NEW DELHI, 5 August 2007 — India’s opposition Hindu fundamentalists rejected a landmark nuclear cooperation agreement between New Delhi and Washington yesterday, saying it was an assault on the country’s nuclear sovereignty.
They demanded Prime Minister Manmohan Singh’s government set up a parliamentary committee to examine the pact and secure Parliament’s approval before signing it, even though it is not required by law.
The agreement, when finally approved by US Congress, will end India’s global nuclear isolation and allow it to buy nuclear fuel and equipment from the United States and eventually other nations to help meet its soaring energy needs.
Details of a bilateral pact that governs the deal were disclosed Friday after it was finalized last month following several rounds of tortuous negotiations over New Delhi’s objections to what it said were new conditions. Critics in both countries have consistently accused their governments of giving away too much to clinch a deal that has been hailed by Washington and New Delhi as a benchmark of their new strategic friendship.
The Hindu Bharatiya Janata Party (BJP), among the chief critics of the deal in India along with the communists who shore up the ruling coalition, said Manmohan Singh’s government had failed to take into account its concerns.
“No effort was ever made by it to evolve a national consensus on this vital issue of national concern before making commitments to the United States,” a statement from the party said.
“The BJP is of the clear view that this agreement is an assault on our nuclear sovereignty and our foreign policy options. We are, therefore, unable to accept this agreement as finalized.”
Ever since the deal was agreed in principle two years ago, its opponents in India have charged the government with compromising on its nuclear weapons program, mortgaging its right to conduct nuclear tests, and accepting stringent American conditions on civilian nuclear cooperation.
However, after the pact was finalized last month, top government officials said all Indian concerns had been addressed satisfactorily and nuclear scientists and analysts largely seemed to agree after the text was made public.
Although the agreement does not explicitly mention India being penalized if it conducts a nuclear test, American laws governing it mandate punitive action and this means India cannot test once it signs the agreement, the BJP said.
“In other words, we are being forced to accept a bilateral CTBT with more stringent provisions than the multilateral CTBT,” it said, referring to the Comprehensive Test Ban Treaty which India has refused to sign, saying it is discriminatory.
The United States has said it will act as “India’s shepherd” at the Nuclear Suppliers Group (NSG) to clear the next hurdle in the way of the deal getting the US Congress’ final approval.
The US will be very active in supporting India in its efforts to convince the 45-nation NSG that it should get the same kind of international treatment in terms of civil nuclear trade as Washington would have just given bilaterally, the key US negotiator Nicholas Burns said Friday.
As an NSG member, Washington may call special meetings of the exclusive club that controls world nuclear trade to present India’s case after it concludes an India-specific safeguards agreement with the International Atomic Energy Agency (IAEA), hopefully in the next 30 to 35 days.
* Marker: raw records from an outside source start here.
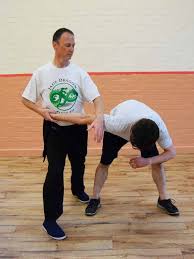 Image result for Kicking Dragon Kung Fu School, Belfast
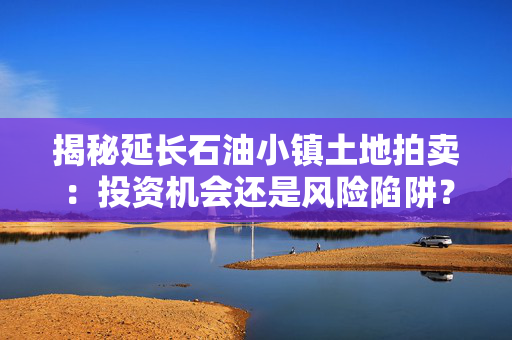 揭秘延长石油小镇土地拍卖：投资机会还是风险陷阱？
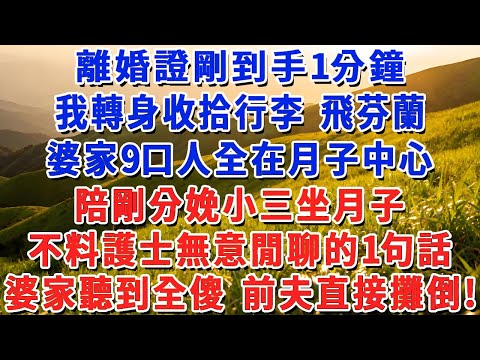 離婚證剛到手1分鐘，我轉身收拾行李 飛芬蘭，婆家9口人全在月子中心，陪剛分娩小三坐月子，不料護士無意閒聊的1句話，婆家聽到全傻 前夫直接攤倒！#小娟講故事 #情感故事 #老年生活
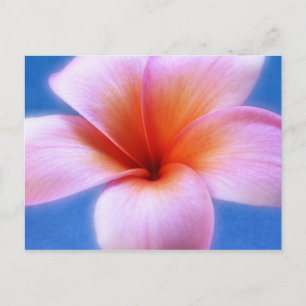 Carte Postale Plumeria rose et bleu Frangipani Hawaii Flower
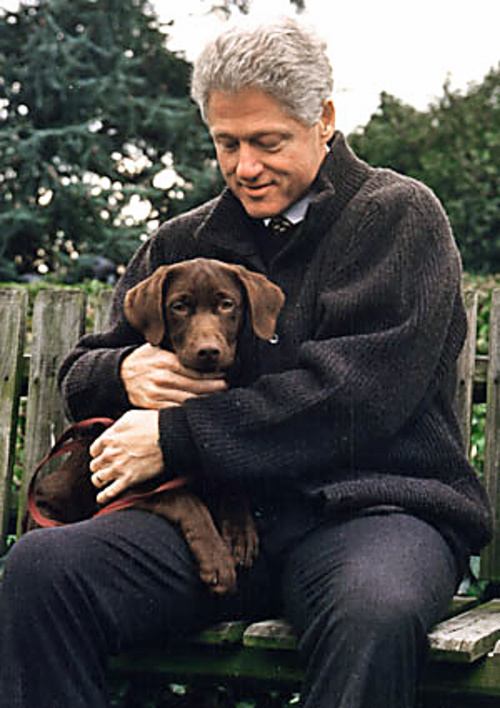 Labrador Buddy a Bill Clinton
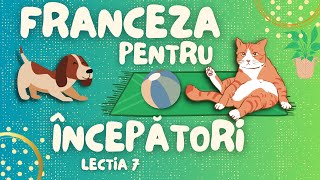 Franceza pentru incepatori 7  Propozitii simple in franceza2023partea a doua [upl. by Introk710]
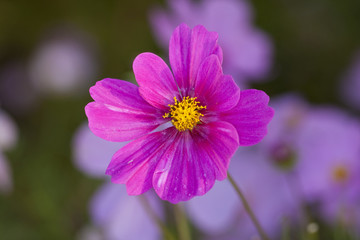 格桑花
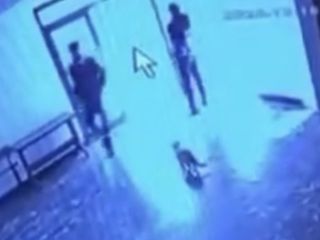 Elazığ'da kediye tekme atan görevli tepki çekti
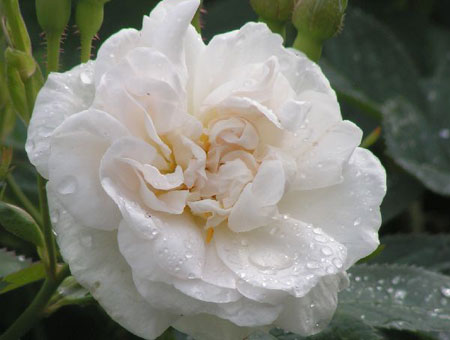 Rosa Alba Maxima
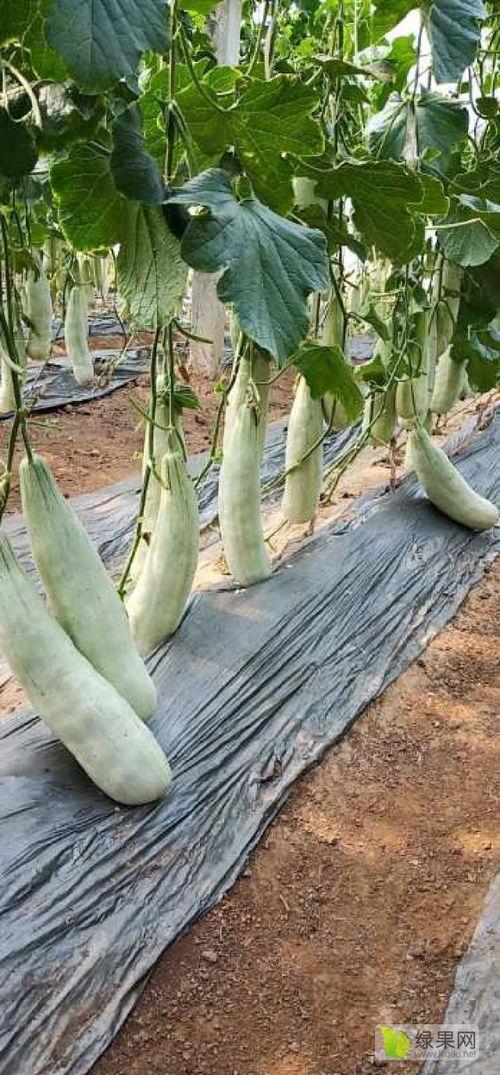 费县甜瓜二瓜今日价格,品质佳品，价格亲民，抢购正当时！”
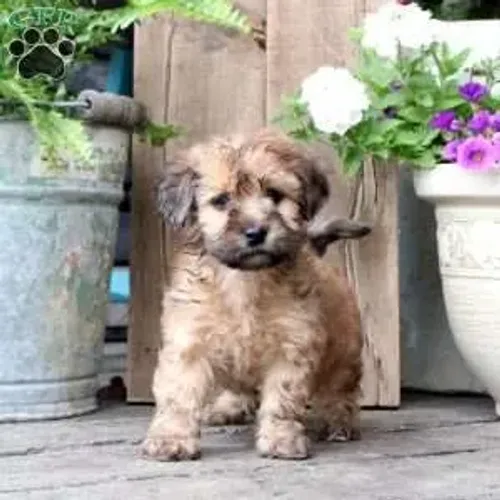 poodle com shitzu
“In a sense, the US will be acting as India’s shepherd at the NSG,” said Burns, US Undersecretary of State, briefing Indian media. “Once the NSG acts, we’ll formally ask the US Congress to approve the agreement by November-December,” he said hoping the whole process will be completed before the yearend to allow nuclear commerce between the two countries to resume after a gap of 30 years.
However, reprocessing of US supplied fuel — “by far the most contentious issue bedeviling the talks for the last six months” — would have to await the setting up of a new fully safeguarded facility by India, Burns said.
Asked if that meant that the ball was in India’s court insofar as the reprocessing issue was concerned, he said, “No, it’s in both courts.” While India has to build the facility the United States has to get the agreed procedures again approved by Congress.
Asserting that the deal does not violate either in letter or spirit the enabling Hyde Act passed by Congress last December, he was quite hopeful that the US legislature will endorse it again with equally overwhelming majorities.
“That’s absolutely false,” said Burns dismissing suggestions that US assurances to help New Delhi find other sources of fuel even as it delays its own supplies in the event of it conducting a nuclear weapons test would violate the spirit of the Hyde Act.
The agreement preserved intact the responsibility of the president under the Atomic Energy Act of 1954 that if India or any other country conducts a nuclear test, he or she will have the right to ask for the return of the nuclear fuel or nuclear technologies that have been transferred by American firms, Burns said.
“If there is a nuclear test, the president will have to decide whether to exercise that right taking into account the circumstances. It’s not automatic, but that right is preserved wholly in the agreement,” he said to take care of the worst case scenario.
“But the reality is that India’s not testing, the reality is that India is living up to its responsibilities and has just passed a law tightening its export control laws,” Burns said.